This is the role Jones felt she was born to play. And yet, it was the role that eluded her, seeming just out of her reach—like the dreams deferred in A Raisin in the Sun. She had auditioned for this role on a previous production, but didn’t get it.
“I always knew the way they would cast that role was always different to what people told me I looked like,” Jones said. “That was my experience.”
This experience—much like how she landed her guest role on “Seinfeld”—came with a fortuitous twist. For “Seinfeld,” it was doing a reading at the Odyssey Theatre in L.A. in front of the show’s casting director. For SCR, it was meeting director Khanisha Foster at the Ojai Playwrights Conference. Foster was directing a play and while Jones acted in another play, she was captivated by Foster’s direction of that play and made a mental note that this was someone she wanted to work with.

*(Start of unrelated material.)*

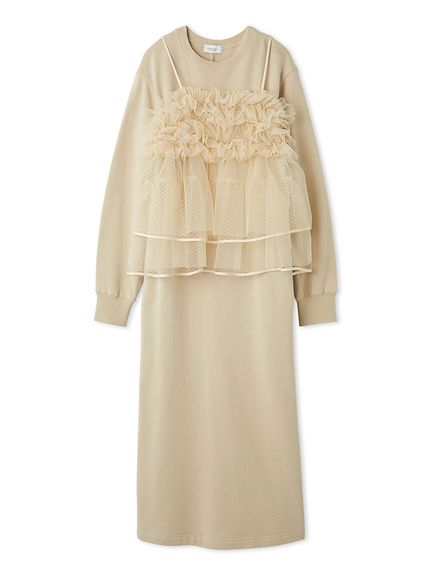 【完売品】 peak× emmiコラボ　フード付きワンピース ベージュ New Year Special Item】ベスト×ハーフジップニットワンピース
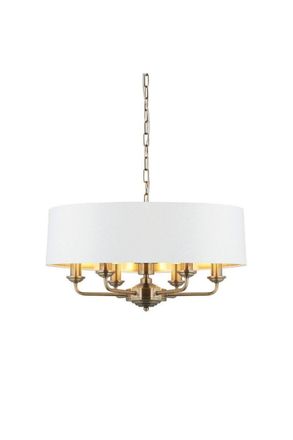 Netlighting Highclere Single Shade Pendant Ceiling Lamp Antique Brass Plate Vintage White Fabric in Gold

She would. It took a while, but after SCR Casting Director Joanne DeNaut contacted Jones’ agent about reading for the part of Lena, Jones took a detour from a day in Newport Beach with her daughter, walked into the room for the reading—and there was Foster, who directed A Raisin in the Sun.
“That blew my mind. You put it out there, ask for something and it comes,” Jones said. “Normally, I was skeptical about auditioning for it. Again, I didn’t think they’d be interested in me. But someone had interest in me coming in and reading for it. I said I would leave something behind in the room. I didn’t have big expectations about it, but I felt great about it.”
A week later, Jones had her dream role.
“I always had visions of these roles I wanted to play—the Mama in Raisin, Aunt Esther in Gem of the Ocean. Formidable women,” Jones said. “I love language and text and these characters always have the type of language I love. You always need to have an extra something in you to play these roles. I was always intimidated by that, but I’ve always wanted to play these roles.
“Someone said to me when they saw the play—and I’ve heard it before—that ‘It seemed the fire and passion in you seemed to come up from the core of the earth.’ Someone else said, ‘It was like summoning up all the ancestors to tell the story.’”
Summoning Jones’ ancestors to tell her story would take you to Jones’ birthplace—the tiny Caribbean island of Carriacou—an 11-square mile speck of land located northeast of Grenada in the southern Caribbean that lacked not only theatre or arts at that time, but electricity and indoor plumbing.
When her family moved to Brooklyn, Jones’ eyes opened to a world beyond her immediate comprehension—even beyond having electricity and indoor plumbing.
“Seeing TV for the first time was like the biggest thing ever. I used to think they could see me like I was seeing them,” she said. “Imagine coming to America and seeing that for the first time. It was the typical immigrant story and fascinating as a young kid to see a whole different culture.”
That “culture” included seeing her first play—Man of La Mancha. Jones was 14 and this was one of those life-changing experiences many actors and artists describe as their moment. The moment they know what they want to do with their life.
“I couldn’t believe I was seeing what I was seeing on that stage,” she said. “It wasn’t just the acting that fascinated me. It was everything: the set, the costumes, the things they could do. It wasn’t just the acting that fascinated me. It was everything. From that moment on, I was totally fascinated by theatre.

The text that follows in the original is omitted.